Setelah akhir perang, "Reisu", yang tersebar di seluruh pulau di Samudra Pasifik, pada dasarnya menemukan akhirnya di tempat barang rongsokan pesawat. Meskipun lima E13A1 digunakan oleh Prancis cukup lama di Indochina, di mana mereka terbang hingga tahun 1948.
Sampai tahun 1948, enam Reisu bertugas di Royal Thai Air Force.
Persenjataan defensif yang lemah (tidak ada), kurangnya perlindungan lapis baja untuk kru dan perlindungan tangki bahan bakar tidak membuat Reisa menjadi pesawat yang unik. Tapi untuk masanya itu adalah pesawat yang sangat sukses. Terutama untuk memenuhi tugas utamanya: kecerdasan. 10 jam Reisu bisa bertahan di udara menjadikannya mesin yang benar-benar sangat diperlukan.
Tidak ada satu pun operasi armada Jepang yang dapat dilakukan tanpa partisipasi pengintaian jarak jauh "Reisu". Tetapi para pekerja perang ini selalu berada dalam bayang-bayang saudara-saudara mereka yang terkejut. Meski sejujurnya, para pilot pesawat pengebom dan pengebom torpedo tidak bisa berbuat banyak tanpa informasi yang diperoleh para pengintai.
Dari XNUMX Reisu, satu pesawat bertahan hingga hari ini, yang diangkat dari air oleh penggemar fanatik armada Jepang (dan ada banyak di Jepang) dan sekarang mobil tersebut sedang dalam perbaikan di museum kota dari Sasuma.
Dan banyak "Reisu" dipamerkan di banyak laguna di Samudra Pasifik dan di hutan di pulau-pulau dekat laguna ini.

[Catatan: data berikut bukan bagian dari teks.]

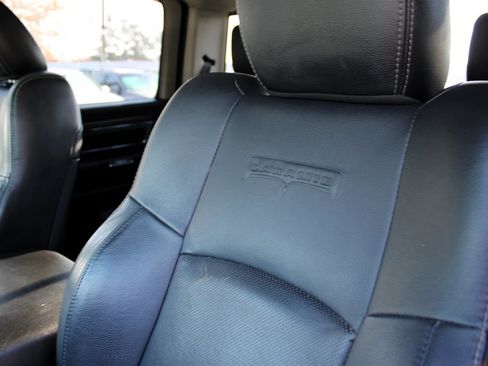 Used 2014 RAM 1500 Laramie w/ Convenience Group image 20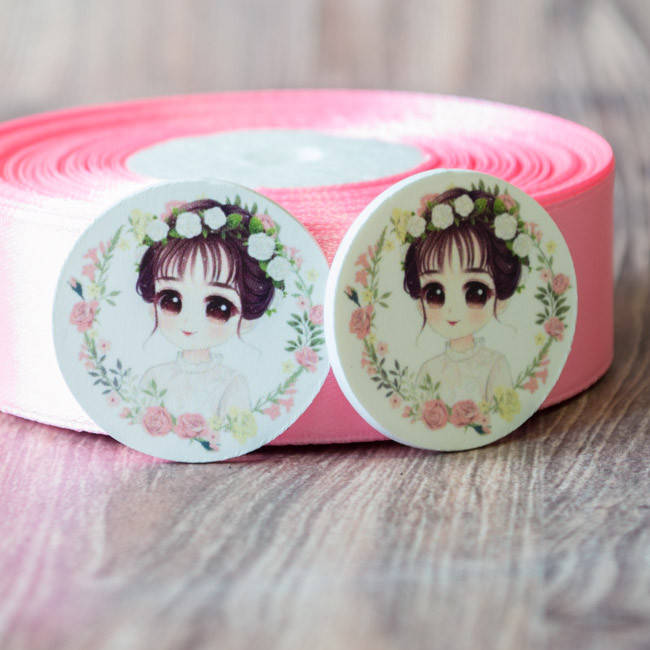 

Кабошон Серединка Круглая Девочка в цветах Сб-237, Разные цвета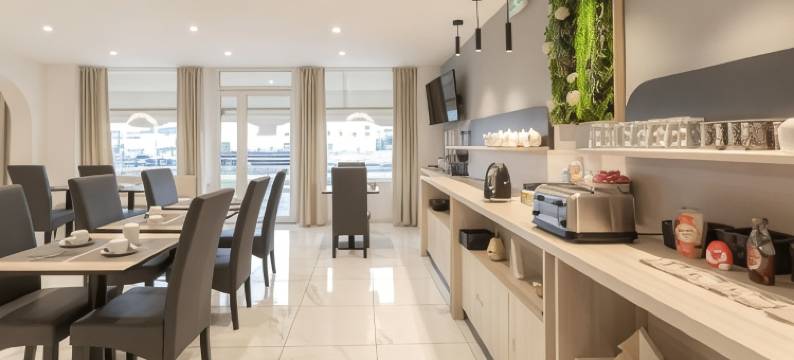 乐圣 - 伊夫酒店(Hotel le Saint-Yves)图片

Kisah biasa bagi pecundang.
LTH E13A1
Rentang Sayap, m: 14,50
Panjang, m: 11,30
Tinggi, m: 4,70
Luas sayap, m2: 36,00
Berat badan, kg
- pesawat kosong: 2
- lepas landas normal: 3 640
- lepas landas maksimum: 4 000
Mesin: 1 x Mitsubishi MK8D "Kinsei 43" x 1080 hp
Kecepatan maksimum, km / jam: 375
Kecepatan jelajah, km/jam: 220
Jangkauan praktis, km: 2 090
Tingkat pendakian maksimum, m/mnt: 495
Plafon praktis, m: 8 730
Kru, orang: 3
Persenjataan:
- satu senapan mesin 7,7 mm tipe 92 pada bagian belakang instalasi bergerak;
- Bom 1 x 250 kg atau muatan kedalaman 4 x 60 kg.